Les gens s’attendent à ce que les artistes soient des fous, imprévisibles. Etre irresponsable fait rêver. Moi, je trouve cette irresponsabilité, cette folie du monde de la musique assez repoussante. Je trouve très important de ne pas se laisser prendre dans ce que les gens attendent de moi ; en tant qu’artiste, je suis censée être fofolle, capricieuse, droguée, faire des mines, avoir un comportement de diva, etc. Ça me navre d’être plus ennuyeuse que ça, mais je préfère être ennuyeuse que folle, même si ça n’a pas le même intérêt pour les gens. Mais moi je trouve ça intéressant (rires). » Jill Cunniff, chanteuse, bassiste. Une profession de foi très saine. Les trois filles de Luscious Jackson quatre auparavant, la quatrième les ayant quittées pour cause d’épuisement, preuve qu’elles ne mènent pas non plus une vie de moine n’ont rien de prima donna foldingues ou d’actrices à la manque. Sérieuses et consciencieuses, elles sont d’agréable compagnie : elles ne tombent jamais dans le rôle de l’artiste concerné, donnent l’impression de ne jamais rater une occasion de se marrer. Prenant tout avec humour et philosophie, elles discutent à bâtons rompus, persiflent sympathiquement à bout portant et rigolent de tout. Bref, font preuve d’une clairvoyance et d’un recul rafraîchissants, d’une finesse d’esprit intéressante.
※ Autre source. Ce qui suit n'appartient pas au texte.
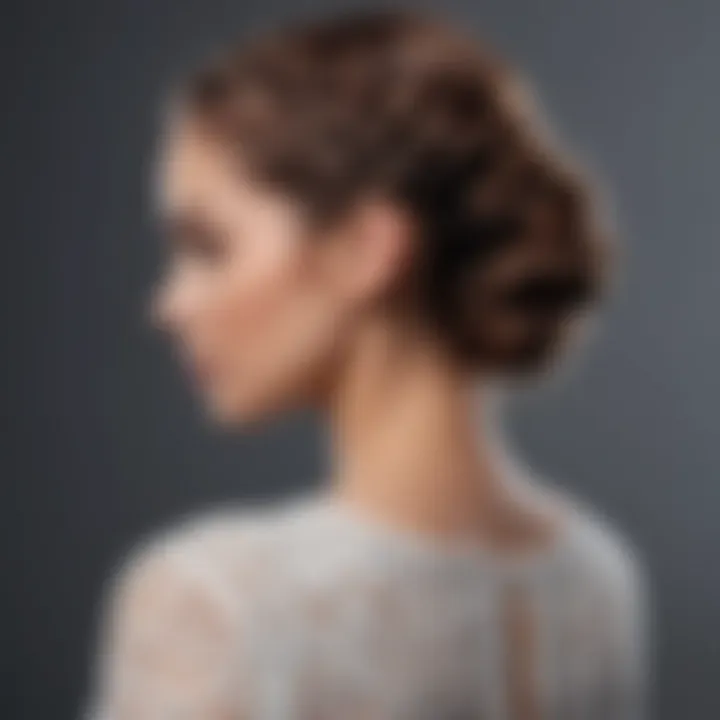 Elegant updo featuring intricate braiding and texture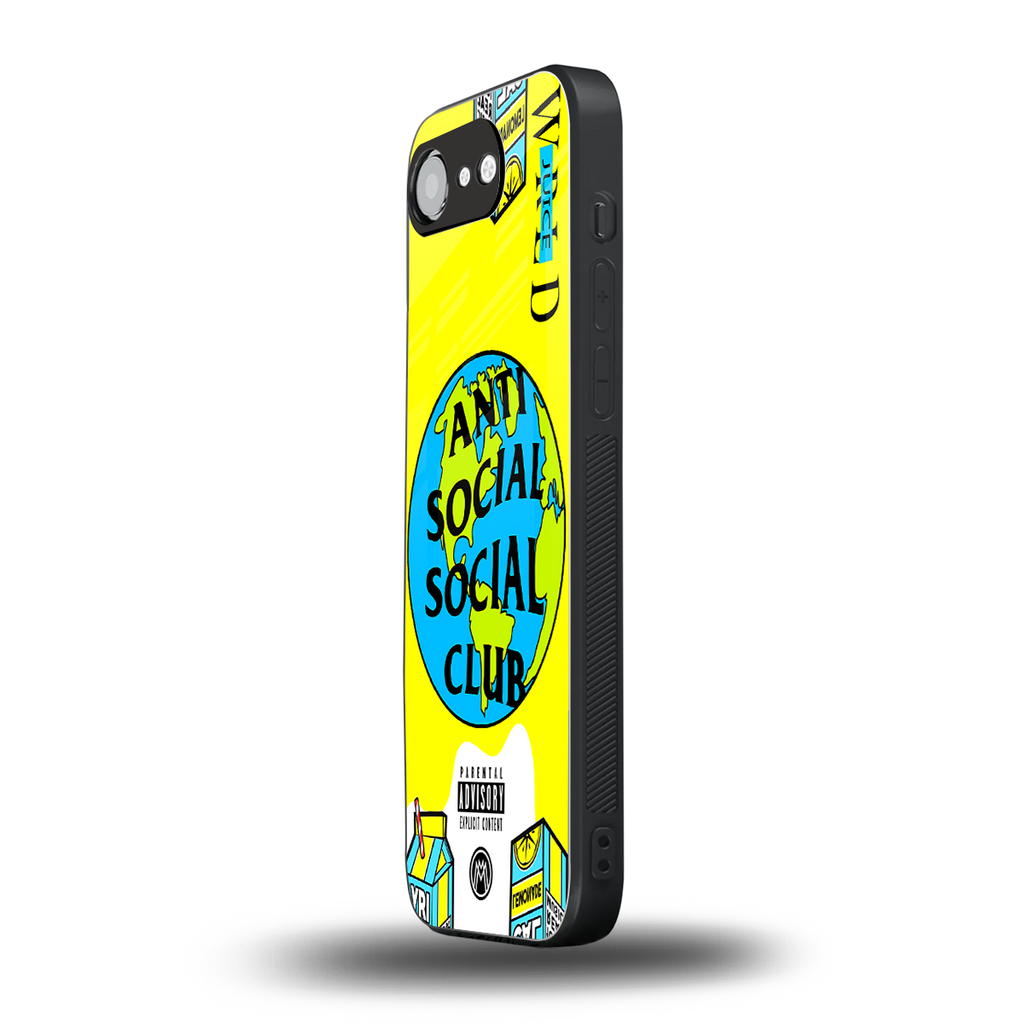 anti social social club x juice wrld back phone cover | glass case for iphone 16e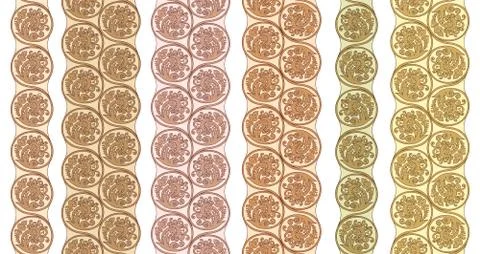 Vector floral round braided elements tile stripes Stock Illustration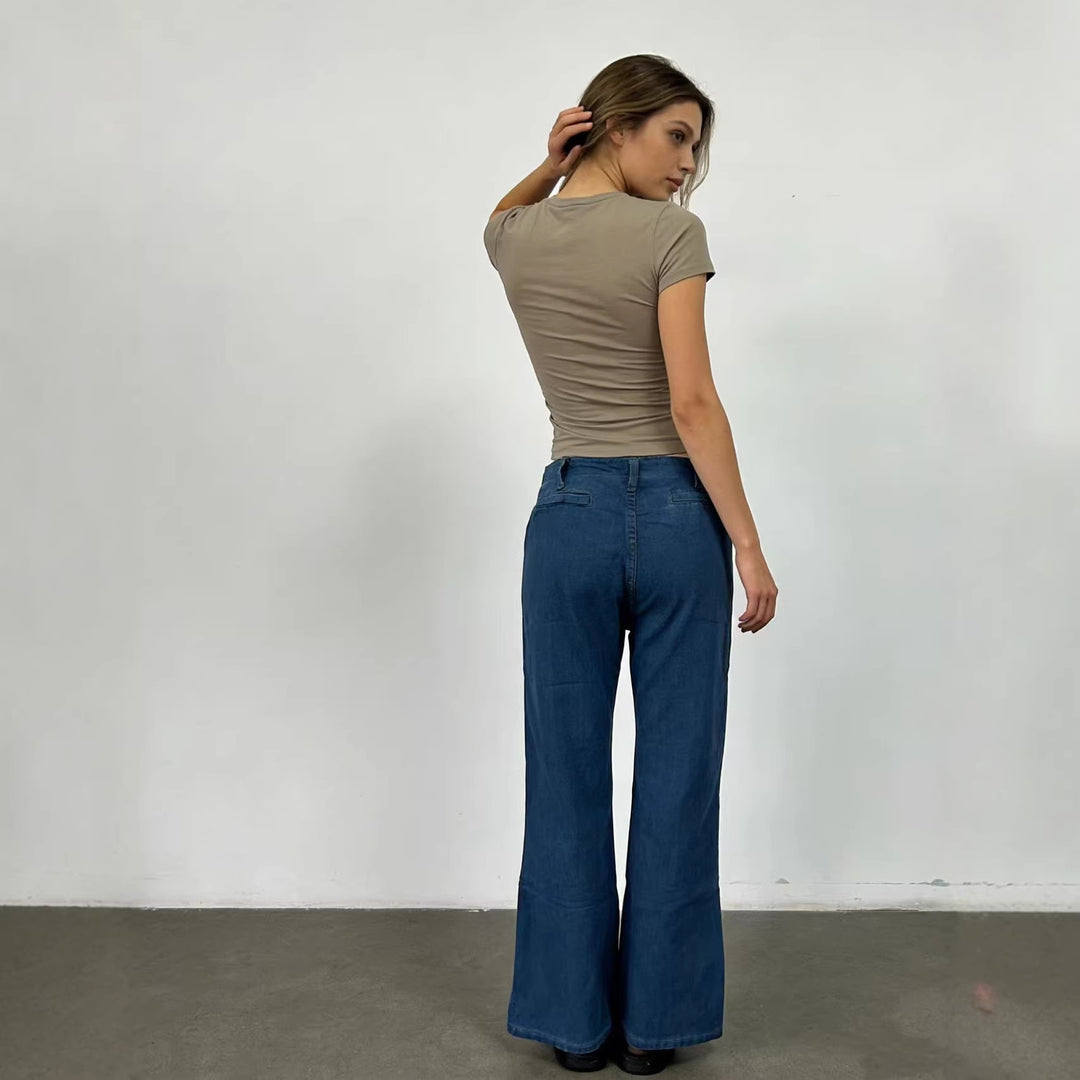 Damen Bootcut-Jeans mit hohem Bund und knöpfbarem Verschluss R&B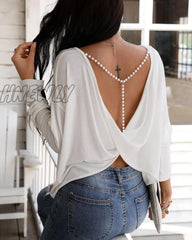 Hnewly Women Elegant Fashion Casual Long Sleeve Blouse Beaded Backless Sexy Tops Spring Outfits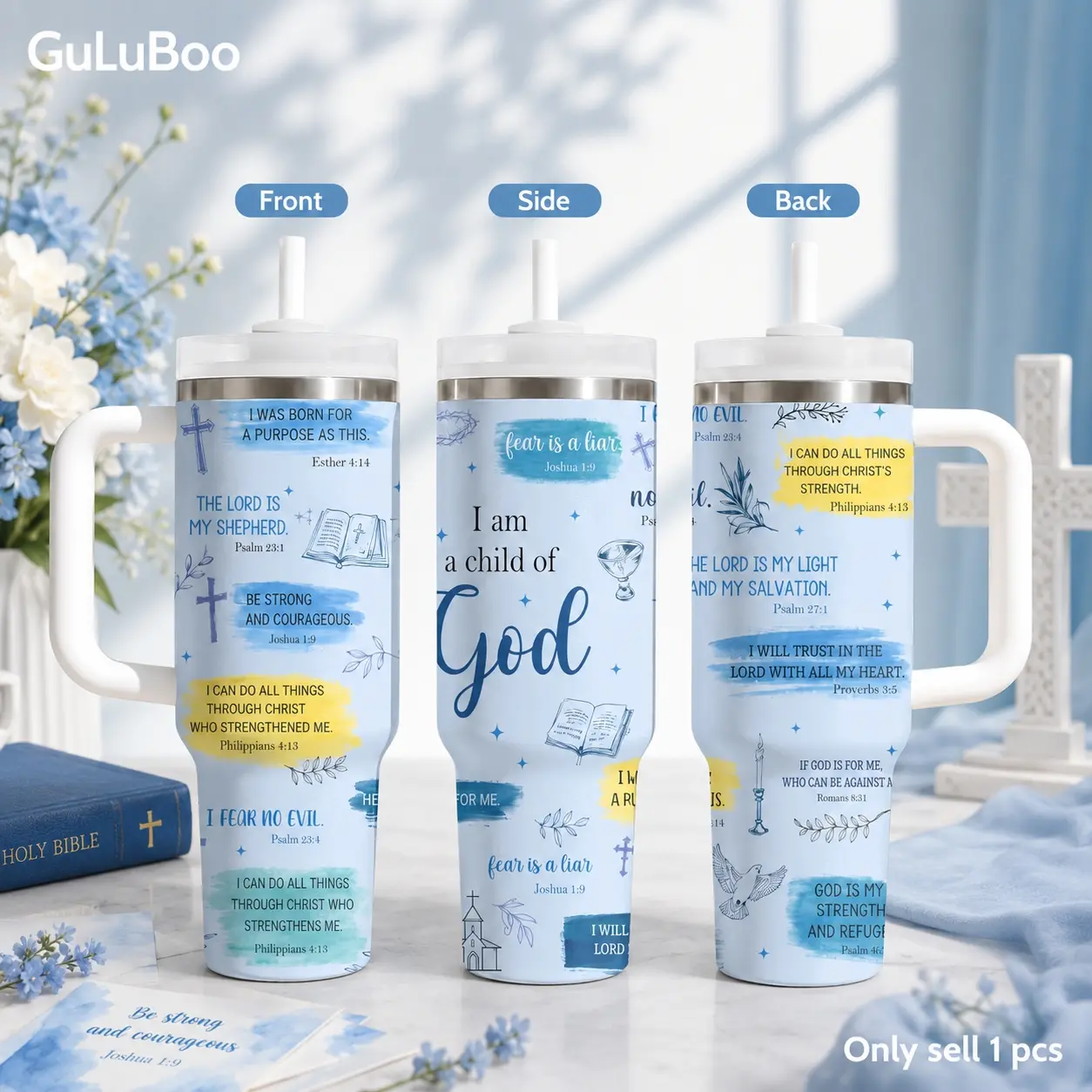 Biblical Faith Affirmations Vacuum Flasks 40oz Stainless Steel Cold Beverage Tumbler with Handle & Straw – Vacuum Insulated Travel Mug, Keeps Drinks Cold Up to 24H, Leak-Resistant Cup for Iced Coffee, Water, Gym, Office & Travel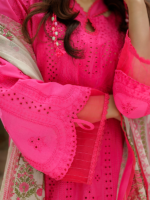 Zellbury Chikankari Pink 3-Piece Unstitched Embroidered Cotton Suit - Image 4
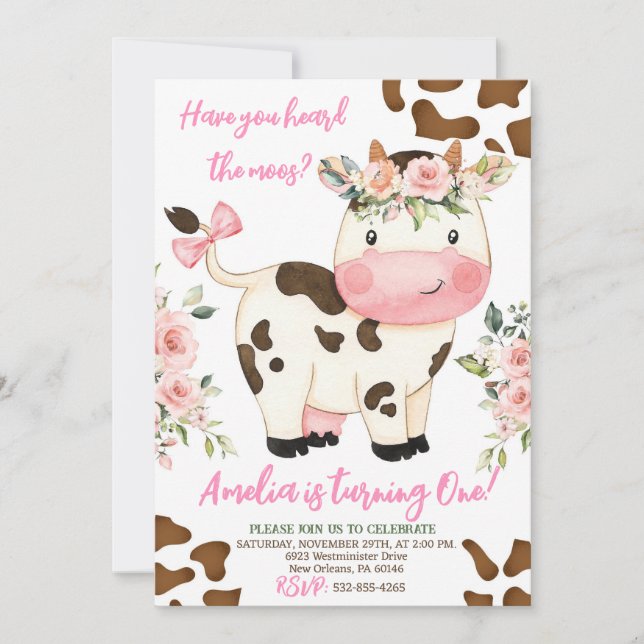 Cow Birthday Party, Pink & Gold Girl Birthday Invitation (Front)
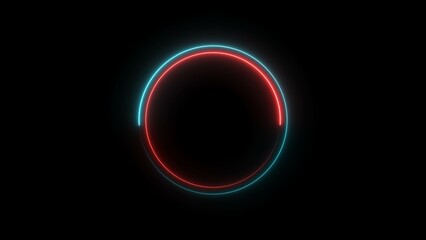neon circle illustration on black background.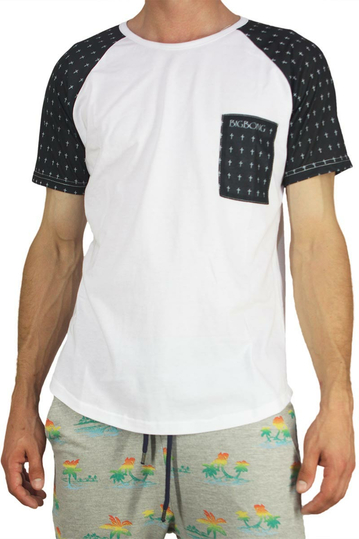 Bigbong longline t-shirt white with cross print sleeves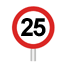 25mph speed limit sign on post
Ces trois marrantes Jill Cunniff, Gabrielle Glaser et Kate Schellenbach, amies depuis l’adolescence se sont rencontrées alors que, précoces, elles écumaient les bars, boîtes et salles de concert de New York. Mentant sur leur âge, s’inventant des identités de journalistes bidons pour entrer sans encombre dans les fascinants lieux de perdition new-yorkais à 14 ans aux Etats-Unis, ce n’est pas vraiment simple de picoler tranquille dans un bar, ou même d’assister à un concert , elles deviennent la coqueluche de patrons de boîtes bienveillants ravis de voir des gamines mettre de l’ambiance dans leur club. Se mettant réellement à jouer ensemble quelques années plus tard, elles concrétisent leurs affinités musicales autour des Beastie Boys. Kate fut un temps batteuse des Boys, elles assurent leurs premières parties et finissent par transformer leur première demo In search of Manny en maxi sur Grand Royal, alors tout nouveau et tout frais label. Bonne affaire pour les unes et les autres : Grand Royal inaugure là sa chouette direction artistique, In search of Manny augure de la carrière constamment en progrès des filles. Jill Cunniff : « Ça a été très utile d’avoir les Beastie avec nous, ils prenaient tout en charge. Au début, que l’on parle des Beastie Boys à chaque fois que l’on parlait de nous, ça nous a aidées : les gens savaient nous situer, ils comprenaient, savaient de quel monde on était. C’était cool. Ce qui fut moins cool, c’est que les gens s’attendaient à ce qu’on soit comme eux, qu’on ait le même genre de personnalité. La façon dont ils se vendent, se mettent en scène, ce n’est pas nous. Ce n’est pas qu’on soit moins intéressantes ou quoi, c’est juste que nous ne sommes pas comme eux. Il aurait fallu que dans nos vidéos on joue des personnages, parce que eux jouent des personnages, etc., on ne pouvait pas faire ça. Ces types sont de vrais comiques, les gens s’attendent à ce qu’ils fassent de l’humour dans leurs clips. Nous, nous ne sommes pas des comiques. Notre musique, la plupart du temps, est beaucoup plus sérieuse. Quand j’écris des chansons, elles ne sont jamais très humoristiques, je ne me marre pas en faisant de la musique. »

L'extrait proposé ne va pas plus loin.